*WHAT IS REQUIRED*
Start at the first line below and write out everything verbatim except the pictures.

────────────────────

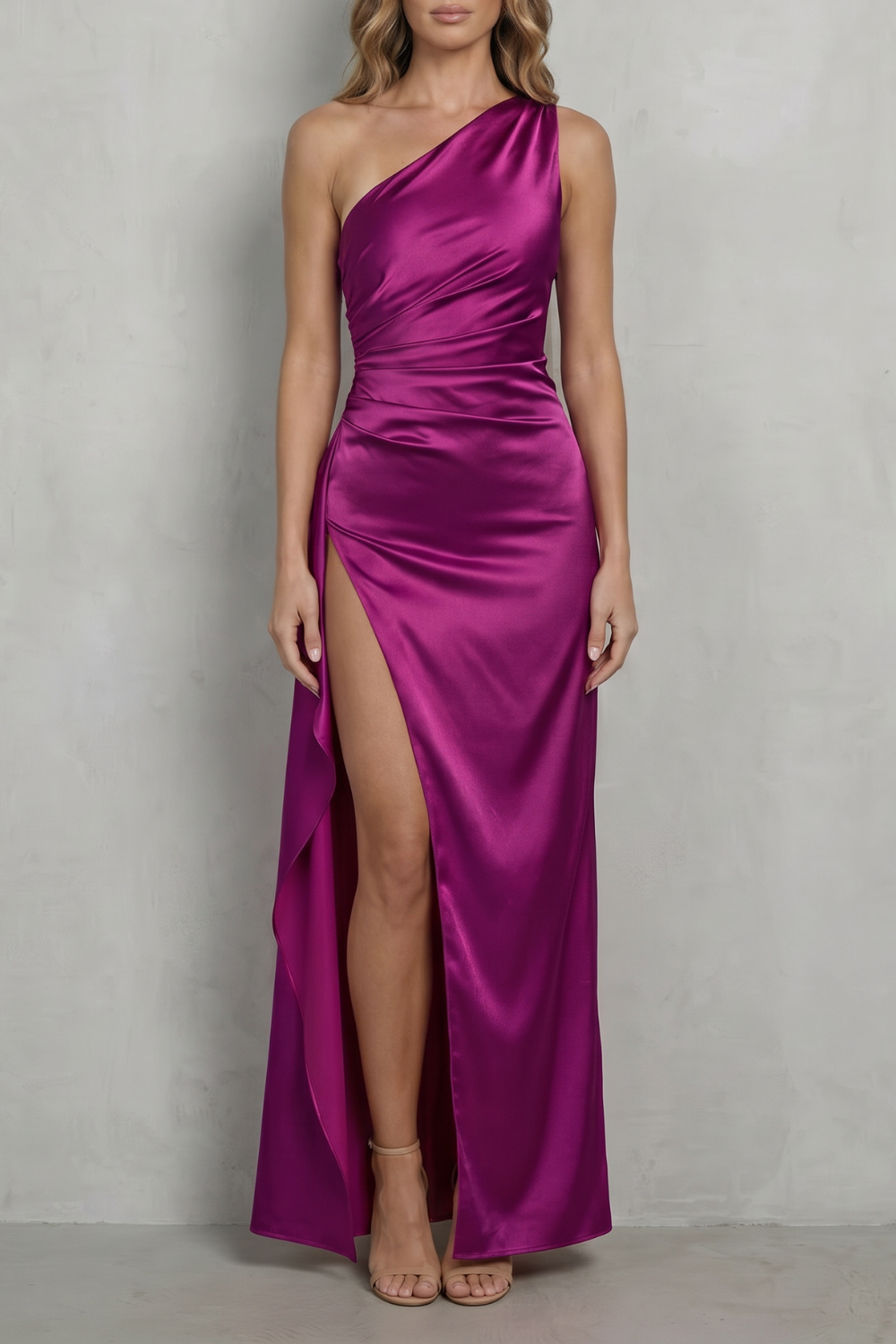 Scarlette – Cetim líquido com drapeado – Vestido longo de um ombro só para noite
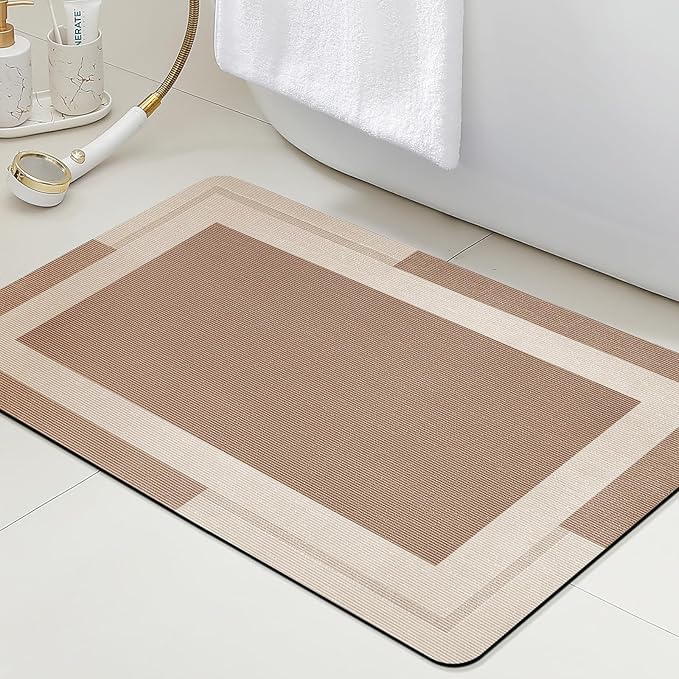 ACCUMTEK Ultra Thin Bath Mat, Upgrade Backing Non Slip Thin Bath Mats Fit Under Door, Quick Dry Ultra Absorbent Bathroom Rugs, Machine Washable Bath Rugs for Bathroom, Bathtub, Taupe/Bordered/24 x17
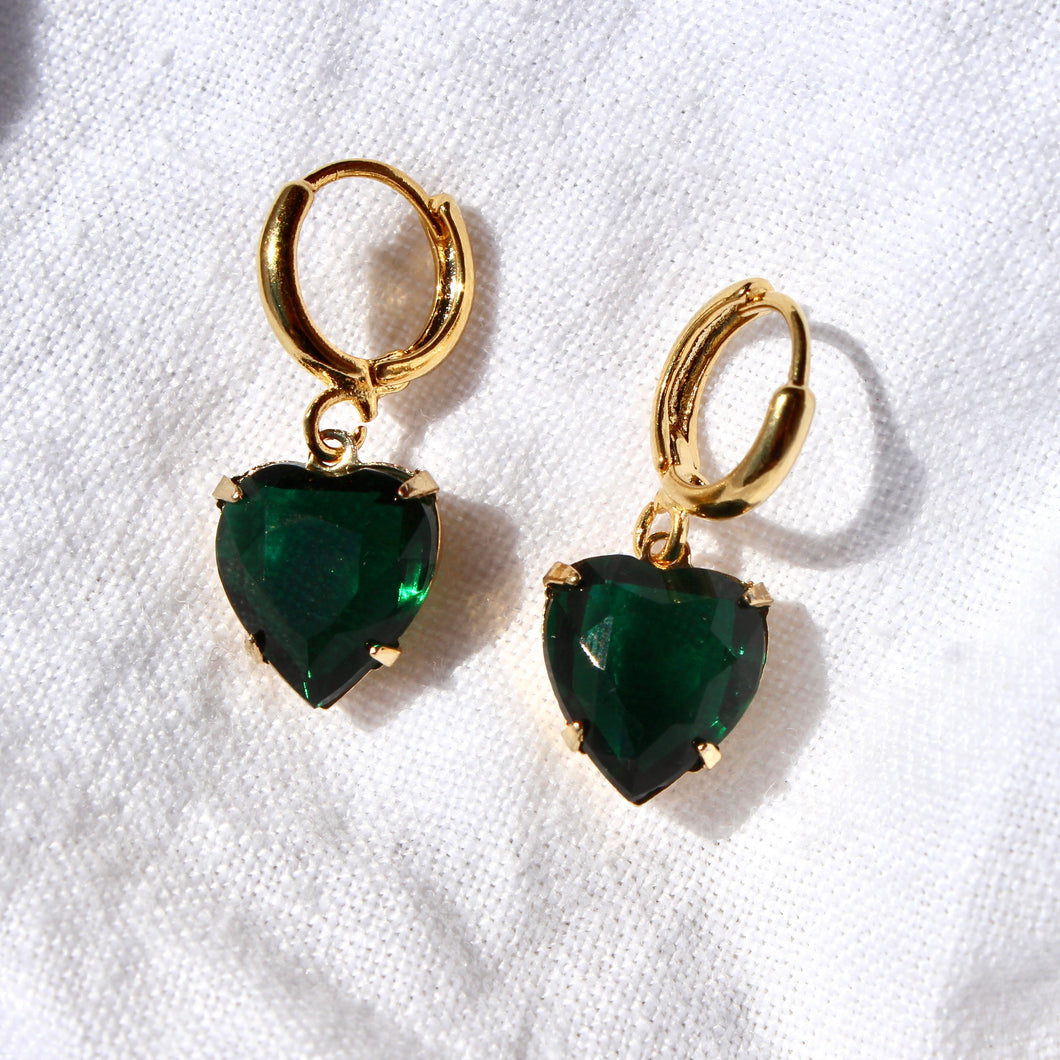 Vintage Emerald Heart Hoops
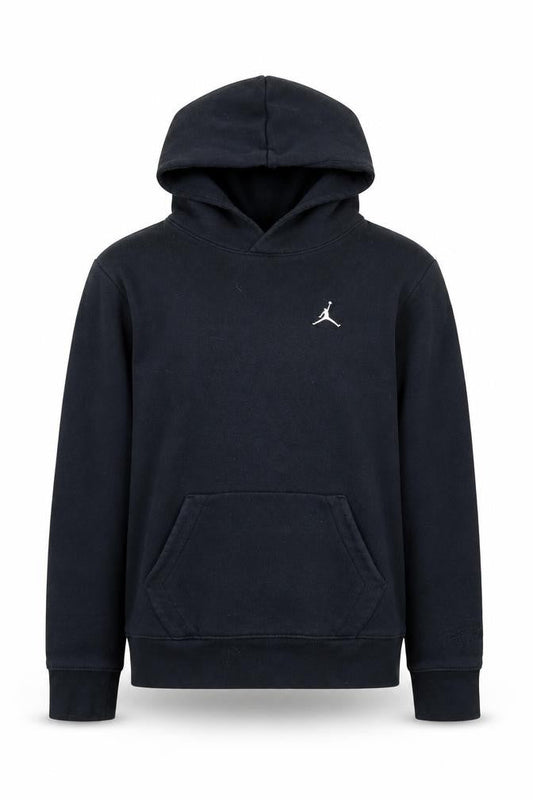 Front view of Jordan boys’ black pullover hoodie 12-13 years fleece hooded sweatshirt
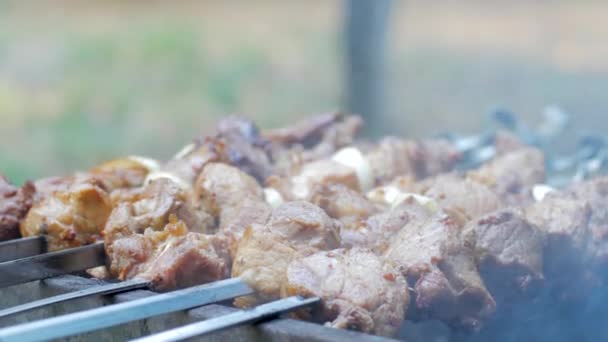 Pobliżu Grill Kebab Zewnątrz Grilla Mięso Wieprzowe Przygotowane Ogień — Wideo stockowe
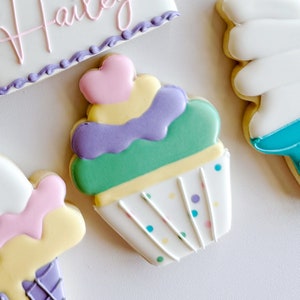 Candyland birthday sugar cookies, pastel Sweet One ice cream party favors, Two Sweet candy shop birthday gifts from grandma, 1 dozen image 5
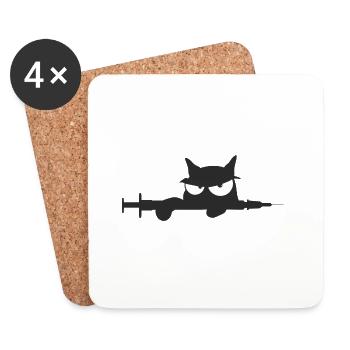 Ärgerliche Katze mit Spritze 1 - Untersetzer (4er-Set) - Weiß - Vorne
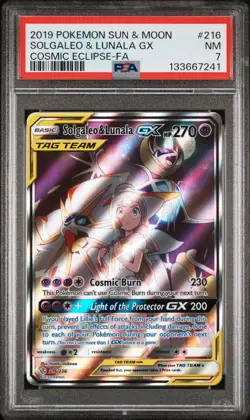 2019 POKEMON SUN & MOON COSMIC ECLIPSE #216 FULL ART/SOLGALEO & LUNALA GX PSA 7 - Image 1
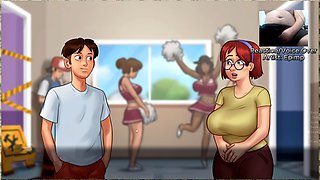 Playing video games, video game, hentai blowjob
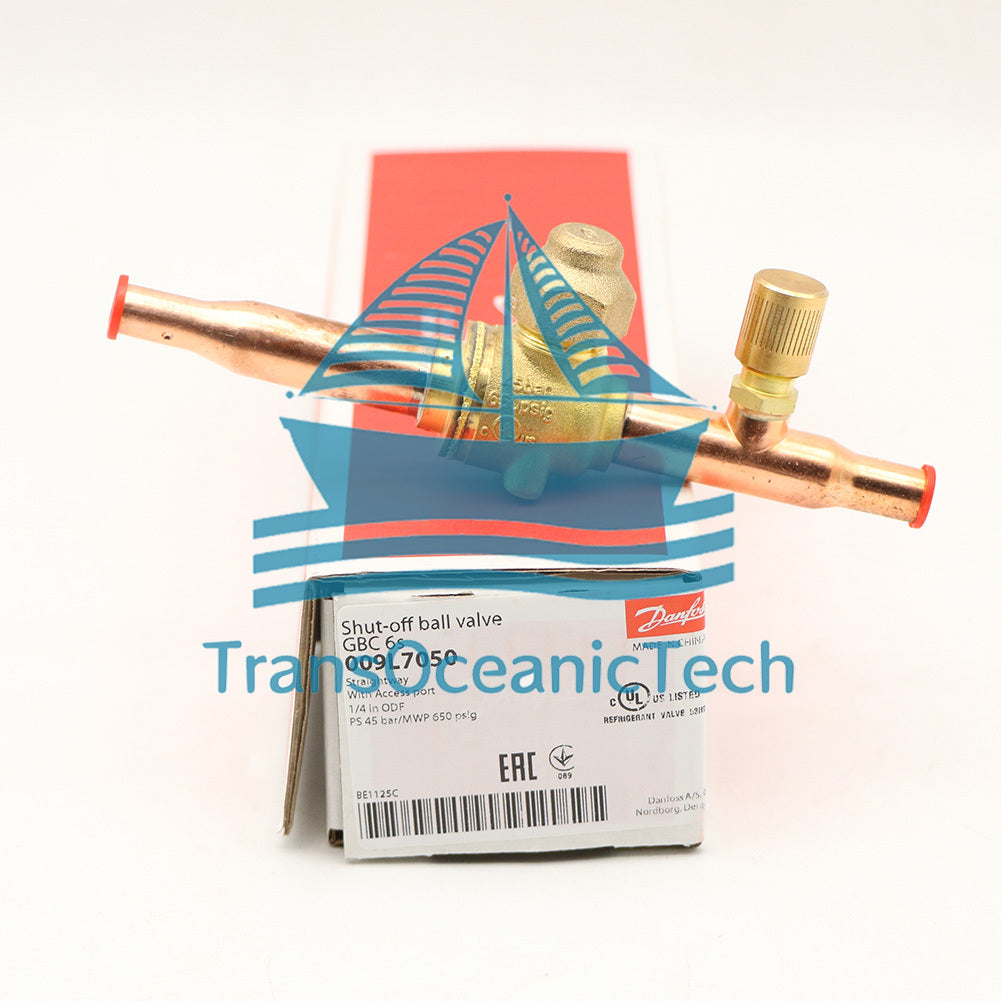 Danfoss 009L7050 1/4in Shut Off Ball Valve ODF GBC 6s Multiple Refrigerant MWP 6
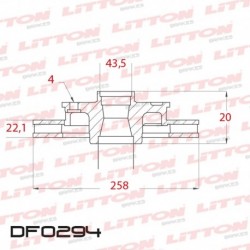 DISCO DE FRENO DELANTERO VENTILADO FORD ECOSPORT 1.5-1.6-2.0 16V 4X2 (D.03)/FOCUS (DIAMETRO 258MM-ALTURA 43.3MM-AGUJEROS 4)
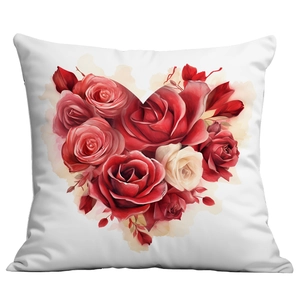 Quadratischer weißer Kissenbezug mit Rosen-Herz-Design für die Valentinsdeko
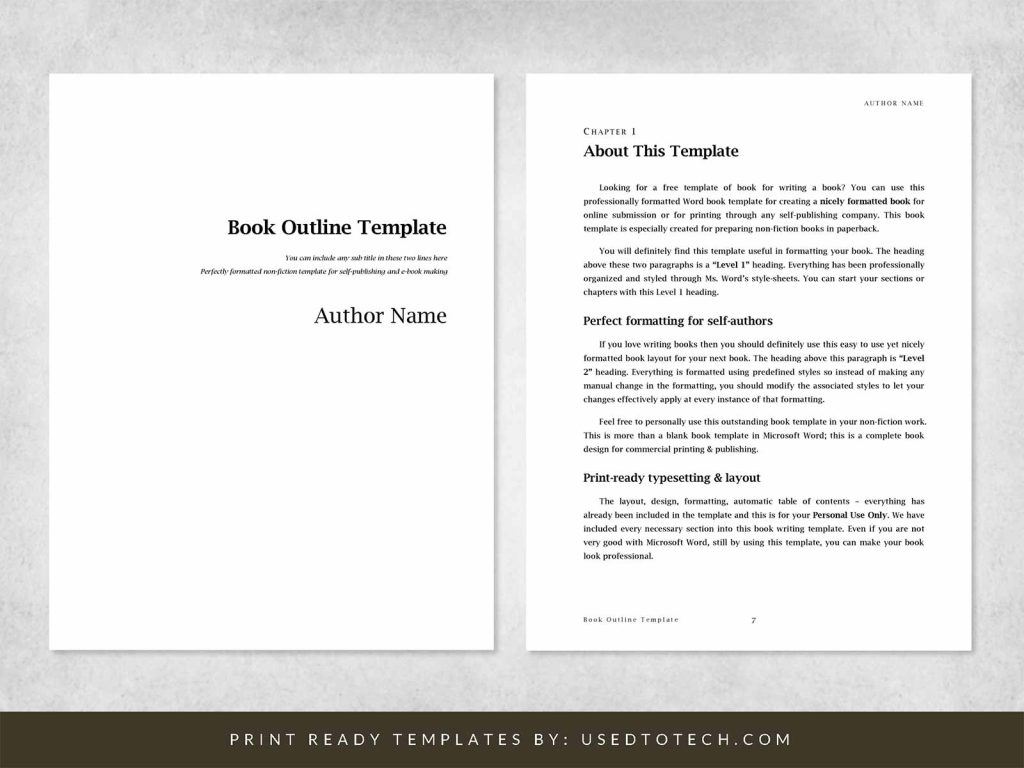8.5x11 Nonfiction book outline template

────────────────────

*SOLUTION TO THE EXERCISE*
 Scarlette – Cetim líquido com drapeado – Vestido longo de um ombro só para noite
 ACCUMTEK Ultra Thin Bath Mat, Upgrade Backing Non Slip Thin Bath Mats Fit Under Door, Quick Dry Ultra Absorbent Bathroom Rugs, Machine Washable Bath Rugs for Bathroom, Bathtub, Taupe/Bordered/24 x17
 Vintage Emerald Heart Hoops
 Front view of Jordan boys’ black pullover hoodie 12-13 years fleece hooded sweatshirt
 Pobliżu Grill Kebab Zewnątrz Grilla Mięso Wieprzowe Przygotowane Ogień — Wideo stockowe
 Candyland birthday sugar cookies, pastel Sweet One ice cream party favors, Two Sweet candy shop birthday gifts from grandma, 1 dozen image 5
 Ärgerliche Katze mit Spritze 1 - Untersetzer (4er-Set) - Weiß - Vorne
 2019 POKEMON SUN & MOON COSMIC ECLIPSE #216 FULL ART/SOLGALEO & LUNALA GX PSA 7 - Image 1
 Playing video games, video game, hentai blowjob
 Danfoss 009L7050 1/4in Shut Off Ball Valve ODF GBC 6s Multiple Refrigerant MWP 6
 DISCO DE FRENO DELANTERO VENTILADO FORD ECOSPORT 1.5-1.6-2.0 16V 4X2 (D.03)/FOCUS (DIAMETRO 258MM-ALTURA 43.3MM-AGUJEROS 4)
 Quadratischer weißer Kissenbezug mit Rosen-Herz-Design für die Valentinsdeko
8.5x11 Nonfiction book outline template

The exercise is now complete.